Serpentine: California State Mineral

Serpentine rock is apple-green to black and is often mottled with light and dark colored areas. Its surfaces often have a shiny or wax-like appearance and a slightly soapy feel. Serpentine is usually fine-grained and compact but may be granular, platy, or fibrous in appearance. The term "serpentine" is commonly used by the general public to refer to the rock type that geologists call "serpentinite." Serpentine occurs in central and northern California -- in the Coast Ranges, the Klamath Mountains, and in the Sierra Nevada foothills.

Serpentine rock is primarily composed of one or more of the three magnesium silicate minerals, "lizardite," "chrysotile," and "antigorite." Chrysotile often occurs as fibrous veinlets in serpentine. Chrysotile in fibrous form is the most common type of asbestos. Asbestos is a term applied to a group of silicate minerals that readily separates into thin, strong, and flexible fibers that are heat resistant. Lizardite and antigorite do not form asbestos fibers and instead are plate-like in form. Because serpentine often contains some asbestos, and exposure to asbestos fibers have potential human-health consequences, the Air Resources Board adopted regulations in 1990 restricting the use of this rock type as an unpaved road surfacing material. Further information on restrictions for serpentine use in California can be obtained by contacting Air Resources Board at (916) 322-8285, or the local Air Pollution Control District Offices. See our asbestos page for information about asbestos in El Dorado County, a brochure that describes the issue, and related web links.

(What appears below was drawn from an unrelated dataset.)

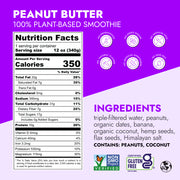Peanut Butter Smoothie label featuring nutrition facts, ingredients like peanuts and dates, and Non-GMO, Gluten-Free logos. Highlights: 10g protein, 7g fiber, plant-based.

Serpentine is considered by geoscientists to be the metamorphosed remains of magnesium-rich igneous rocks, most commonly the rock peridotite, from the earth’s mantle. The mantle is a thick layer of rock just below the earth’s crust. One theory for serpentine formation and occurrence currently in favor with many geoscientists is that peridotite underlying oceanic crustal rocks have been metamorphosed to serpentine in subduction zones that existed at various times in California’s past. A subduction zone is an area where ocean crust rocks run into and slide underneath the edge of a continent. Because serpentine has a much lower density than peridotite, it rose toward the surface along major regional thrust faults associated with the subduction zones.